Straub leads the top-down maintenance, or TDM, of the Yates Shaft. The operation reached the 25% mark after the first year of exclusive maintenance to refit and rebuild the entire internal structure in support of the Sanford Underground Research Facility (SURF). The Yates Shaft has been in heavy TDM since November 2022 with crews making repairs to the structure 24 hours a day, six-and-a-half days a week. Except for one weekly delivery and emergency egress, the Yates Shaft is getting the overall maintenance an octogenarian structure requires.

Yates Shaft Foreman Russ Bauer described the transition from spot repairs to top-down maintenance. “What has changed is the actual work. On day shift, we were moving loads and taking care of the science teams on the 4850 level, then night shifts is when we’d work in the shaft. Now that’s all we’re doing. The workload increased quite a bit. It’s the same kind of work we were doing before but more timber.”

a pile of fresh timber in the Yates yard
Piles of new lumber sit in the Yates yard waiting to be installed during the Top-Down Maintenance. Photo by Stephen Kenny, SURF

 

Making the change to around-the-clock, top-down maintenance impacted more than just the crews in the Yates Shaft. Senior Project Engineer Brent Knottnerus described the impact of all that timber being installed. “For years, we’ve jumped around in the shaft. Part of the challenge last December [2022] was just finding Douglas Fir. It has better anti-rot tendencies.

“We went to the west coast to find the Douglas Fir. We found a supplier in Oregon. We went to little sawmills in Montana. We called these little outfits, went on Google Search, called them, and found a couple of suppliers that had logs in the yard. It’s the middle of winter. Not a lot of people are able to get into the woods to get the logs out.”

“Top-down maintenance was this necessary evil,” Knottnerus said. “It’s not from neglect. It’s just an old, wood shaft.”

“This shaft is a thing of the past,”  Straub said of the original construction technique of the nearly mile-deep structure. When considering the TDM project as part of her career, “This is as big as it gets.”

Straub’s team on the TDM includes engineers, hoist operators, superintendents, and above-ground technicians. It also includes four shifts of infrastructure technicians doing the work of rebuilding one of the only wood shafts still in operation in the United States.

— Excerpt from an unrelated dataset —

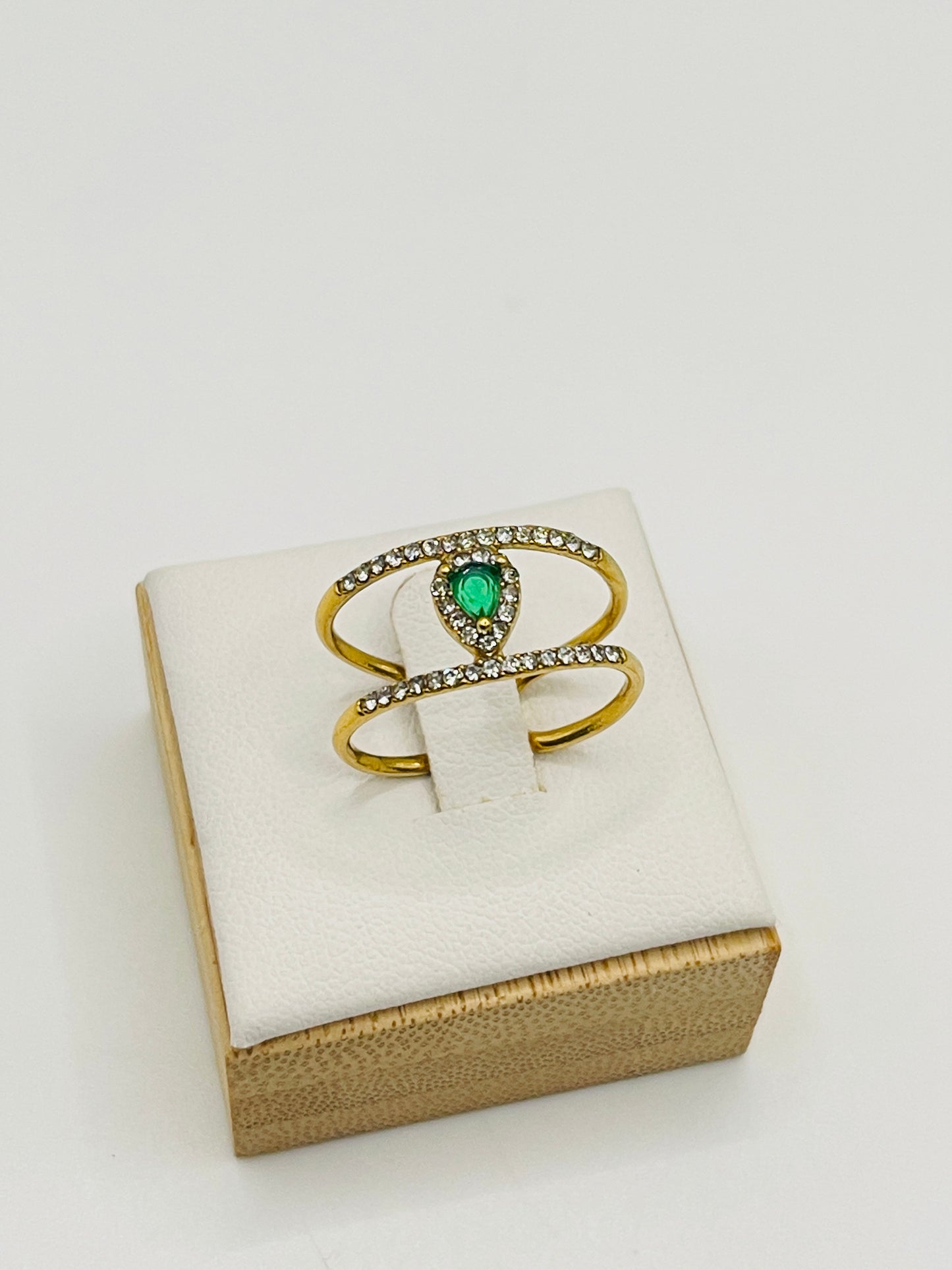 Emerald Marquise Crystal Adjustable Ring - Gold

The teams working in the Yates Shaft have seen the timber up close as they work to remove old wood. Infrastructure Technician Rodney Loup marveled at what they’ve seen in the past year, “How comfortable we are with that term ‘bad timber’ and still be working around it. We just got through probably one of the worst spots in the shaft and it was horrible.”

“We’re having to cut out a lot of legacy timber,” Straub reflected a year into the project. Over the holiday season, the wood remnants of the original shaft were used to create a wreath donated to the Historic Homestake Opera House for its annual Festival of Trees. Straub sees the impact the crews are having and often shares one of her favorite sets of before-and-after photos to illustrate the craftsmanship and skill of the infrastructure technicians.

The worst of the worst

“You probably remember this photograph of set 194.” When Straub first shared the before image, the reaction from many people was shock at how much wear the shaft experienced. “I think you don’t know how bad it is until you see things that are put together now. It’s absolutely amazing. When you drop below the [completed work], was it that bad before, or is it that what you’ve just come through is so good that this looks terrible?”

a set of timber before maintenance
a set of timber after maintenance
Set 194 before (top) and after maintenance illustrates the difference in the finished timber installation. Top photo by Matthew Kapust and lower photo by Wendy Straub, SURF

 

At an All-Staff meeting at SURF last autumn, Straub provided a status update of the project, a glimpse of the milling, and the overall work completed.

“This is after the great work that the crews have accomplished. You can see most of the structural timber has been replaced, including dividers, wall plates, fully rock bolted and laced back up.” Straub boasted of the work the crews have completed, and the photos documenting the repairs tell a compelling story about the overall project.

Yates Shaft Foreman Ashana Baumberger, like many of the infrastructure technicians, described the project on a smaller scale. “It’s just a bunch of Lincoln Logs you try to put together. You try to work or fix what’s the worst, but there’s always something else. It’s old, and that something else is always deteriorating when you’re working.”

Baumburger commented on the project at the beginning of autumn just as his crew was getting to the portion of the shaft requiring the greatest attention. “We’re doing what we thought was the safest and doing the risk assessments. We move to that because it’s getting worse over there. Now we’re really doing a lot.”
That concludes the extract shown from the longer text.